With more services available onsite, the FMC is equipped to offer the comprehensive approach to medicine required by a patient-centered medical home model of care. Page offers an example of this increased comprehensiveness.

“We know that a patient’s mental health and health behaviors are inseparably tied to physical well-being and long-term health. We are now offering onsite psychological services, including counseling for nicotine dependence, addiction, and weight management. These are offered in addition to onsite x-ray, sports medicine, prenatal and pediatric care, physical therapy, nutrition, acupuncture, and other services.”

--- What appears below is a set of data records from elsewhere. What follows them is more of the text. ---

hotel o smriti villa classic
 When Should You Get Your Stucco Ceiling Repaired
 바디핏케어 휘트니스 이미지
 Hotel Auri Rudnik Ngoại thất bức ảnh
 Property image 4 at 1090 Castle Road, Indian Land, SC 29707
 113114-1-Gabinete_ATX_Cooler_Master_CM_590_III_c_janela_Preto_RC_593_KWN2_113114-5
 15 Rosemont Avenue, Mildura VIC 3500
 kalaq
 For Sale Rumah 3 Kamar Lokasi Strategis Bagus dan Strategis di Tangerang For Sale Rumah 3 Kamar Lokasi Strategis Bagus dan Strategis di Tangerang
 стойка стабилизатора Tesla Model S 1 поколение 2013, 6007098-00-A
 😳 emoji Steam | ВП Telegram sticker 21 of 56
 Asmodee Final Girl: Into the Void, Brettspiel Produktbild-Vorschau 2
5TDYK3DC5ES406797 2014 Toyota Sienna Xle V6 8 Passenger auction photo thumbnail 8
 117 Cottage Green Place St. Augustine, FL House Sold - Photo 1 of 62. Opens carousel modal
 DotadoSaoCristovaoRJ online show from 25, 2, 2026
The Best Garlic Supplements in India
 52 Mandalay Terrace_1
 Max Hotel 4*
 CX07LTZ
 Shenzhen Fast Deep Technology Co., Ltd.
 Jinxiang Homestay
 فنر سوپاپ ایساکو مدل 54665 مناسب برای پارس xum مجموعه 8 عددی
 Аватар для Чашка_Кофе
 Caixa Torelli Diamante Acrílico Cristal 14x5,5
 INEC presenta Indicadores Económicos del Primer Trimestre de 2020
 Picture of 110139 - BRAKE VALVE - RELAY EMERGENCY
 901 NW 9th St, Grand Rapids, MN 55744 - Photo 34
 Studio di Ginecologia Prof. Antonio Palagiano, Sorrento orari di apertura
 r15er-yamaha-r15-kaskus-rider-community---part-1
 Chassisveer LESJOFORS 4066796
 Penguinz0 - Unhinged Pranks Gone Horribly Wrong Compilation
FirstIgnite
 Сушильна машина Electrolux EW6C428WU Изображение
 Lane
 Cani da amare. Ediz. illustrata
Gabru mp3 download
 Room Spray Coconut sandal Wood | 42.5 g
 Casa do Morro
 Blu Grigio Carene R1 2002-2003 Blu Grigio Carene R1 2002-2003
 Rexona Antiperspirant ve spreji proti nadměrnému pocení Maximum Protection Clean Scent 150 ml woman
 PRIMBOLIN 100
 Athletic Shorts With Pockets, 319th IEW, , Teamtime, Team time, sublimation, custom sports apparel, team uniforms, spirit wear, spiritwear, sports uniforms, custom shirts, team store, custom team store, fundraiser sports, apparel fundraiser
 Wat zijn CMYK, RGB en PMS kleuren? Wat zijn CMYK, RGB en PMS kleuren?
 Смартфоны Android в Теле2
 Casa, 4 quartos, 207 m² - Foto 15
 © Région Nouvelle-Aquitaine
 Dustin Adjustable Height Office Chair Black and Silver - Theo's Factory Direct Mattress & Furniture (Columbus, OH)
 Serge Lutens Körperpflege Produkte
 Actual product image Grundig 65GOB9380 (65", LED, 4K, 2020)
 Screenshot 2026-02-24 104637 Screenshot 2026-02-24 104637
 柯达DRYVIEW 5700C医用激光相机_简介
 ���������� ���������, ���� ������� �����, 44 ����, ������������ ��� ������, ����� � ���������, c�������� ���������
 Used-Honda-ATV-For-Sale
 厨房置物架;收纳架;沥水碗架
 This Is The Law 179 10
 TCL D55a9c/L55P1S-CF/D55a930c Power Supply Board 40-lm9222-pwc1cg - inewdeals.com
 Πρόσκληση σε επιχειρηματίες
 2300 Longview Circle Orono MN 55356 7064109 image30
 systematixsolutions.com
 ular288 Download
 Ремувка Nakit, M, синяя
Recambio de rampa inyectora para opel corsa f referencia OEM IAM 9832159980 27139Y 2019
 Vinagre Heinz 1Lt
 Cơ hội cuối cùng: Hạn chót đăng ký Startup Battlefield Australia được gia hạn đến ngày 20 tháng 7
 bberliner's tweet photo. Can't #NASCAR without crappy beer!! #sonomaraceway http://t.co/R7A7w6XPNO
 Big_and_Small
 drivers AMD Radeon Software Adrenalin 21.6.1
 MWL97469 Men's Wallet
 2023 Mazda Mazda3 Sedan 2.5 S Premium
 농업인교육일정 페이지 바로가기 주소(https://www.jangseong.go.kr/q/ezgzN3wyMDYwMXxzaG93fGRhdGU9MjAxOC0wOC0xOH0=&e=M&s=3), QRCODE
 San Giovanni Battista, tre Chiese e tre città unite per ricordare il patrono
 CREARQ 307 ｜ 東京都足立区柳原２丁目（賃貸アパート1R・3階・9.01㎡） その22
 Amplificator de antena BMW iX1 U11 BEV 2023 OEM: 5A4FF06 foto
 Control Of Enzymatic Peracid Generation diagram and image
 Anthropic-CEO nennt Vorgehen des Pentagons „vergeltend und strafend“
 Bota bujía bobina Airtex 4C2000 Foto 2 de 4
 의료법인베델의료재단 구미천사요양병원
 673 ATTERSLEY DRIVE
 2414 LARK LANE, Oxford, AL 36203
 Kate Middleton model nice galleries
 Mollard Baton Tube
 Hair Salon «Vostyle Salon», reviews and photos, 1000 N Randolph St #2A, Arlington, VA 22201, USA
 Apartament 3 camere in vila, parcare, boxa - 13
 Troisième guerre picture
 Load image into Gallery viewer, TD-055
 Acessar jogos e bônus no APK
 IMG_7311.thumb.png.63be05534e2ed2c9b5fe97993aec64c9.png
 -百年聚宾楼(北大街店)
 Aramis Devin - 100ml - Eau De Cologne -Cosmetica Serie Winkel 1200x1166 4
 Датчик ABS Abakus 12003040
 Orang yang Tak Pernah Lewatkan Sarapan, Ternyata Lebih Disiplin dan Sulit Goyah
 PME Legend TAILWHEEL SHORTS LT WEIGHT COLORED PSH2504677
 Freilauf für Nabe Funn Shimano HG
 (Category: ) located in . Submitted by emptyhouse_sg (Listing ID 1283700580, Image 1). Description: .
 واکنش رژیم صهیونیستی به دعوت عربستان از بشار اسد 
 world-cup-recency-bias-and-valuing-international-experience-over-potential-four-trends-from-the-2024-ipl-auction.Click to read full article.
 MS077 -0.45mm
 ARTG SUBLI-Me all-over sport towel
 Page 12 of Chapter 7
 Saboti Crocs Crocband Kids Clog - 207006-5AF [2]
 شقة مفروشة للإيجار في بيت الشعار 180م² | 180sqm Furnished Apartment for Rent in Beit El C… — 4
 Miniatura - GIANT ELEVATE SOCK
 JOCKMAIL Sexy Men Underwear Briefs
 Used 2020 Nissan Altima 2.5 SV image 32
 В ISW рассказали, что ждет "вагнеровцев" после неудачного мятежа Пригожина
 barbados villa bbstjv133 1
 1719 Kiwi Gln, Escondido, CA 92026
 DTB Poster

Providing high quality primary care to patients in Chapel Hill and the surrounding area has been central to FMC’s mission since it first opened its doors in 1991. In that time, the clinic has made a significant impact on the community, explained Warren Newton, MD, a former chair of Family Medicine at UNC who now serves as a senior medical advisor for the North Carolina Department of Health and Human Services.

“We’ve been in this location for more than 25 years and in that time we’ve had approximately 1.4 million patient visits.” Newton added that though they had been working on redesigning the practice since the early 2000s, they had reached the limits of what they could achieve operationally and that adding space and capacity to the building had become necessary “to better serve our patients and the community.” 

With the added clinical space and operational efficiency, the Center hopes to increase its number of annual visits from 55,000 to 75,000 over the next five years.

The increased capacity is also good news for medical training in Chapel Hill. The UNC School of Medicine’s Family Medicine program is consistently ranked as one of the best in the country – most recently, U.S. News and World Report ranked the program #2 nationally – and the expanded facility offers not only greater access to care for patients but more educational opportunities for students.

“We’re not just training physicians, we are training care managers, social workers, pharmacists, medical assistants, psychologists, public health officials and more. It’s very much a team-based approach, both in care and in education,” said Page.

For Page and Weir, the original spark of inspiration for the new care model at FMC came more than a decade ago as the two were visiting other practices to find new ways of approaching patient-centered care.

“We found a place in Hendersonville, NC, where we saw the vision of what happens if you blow up the waiting room, blow up the front desk and create a new model where you can really start to redesign care around patients,” she recalled.

Patients have been involved in development of the redesign from the beginning. In 2012, FMC started a patient advisory council, one of the first of its kind, to help get patients involved in the decisions that would affect their care and experience at the clinic.

“Our patients have been deeply embedded in the development and the design at each stage of the way,” said Page. “And this has allowed us to tailor what we’re doing around our patients.”

At the ribbon-cutting ceremony, patients, physicians, and leaders from around the health care system were invited to tour the new facility and get firsthand experience of the transformation the FMC has undergone.

Festivities continued throughout the following day as patients were invited to participate in an open house that included such attractions as massage chairs and Ben & Jerry’s ice cream.

For Page, the renovation – and the new care model it has made possible – are only the beginning for the transformation of primary care at the FMC.

“We are really excited about the future of Family Medicine. We have great people and with the completion of this project we now have a great facility with state-of-the-art equipment and services,” says Page. “We will continue to bring the community the highest quality health care available.”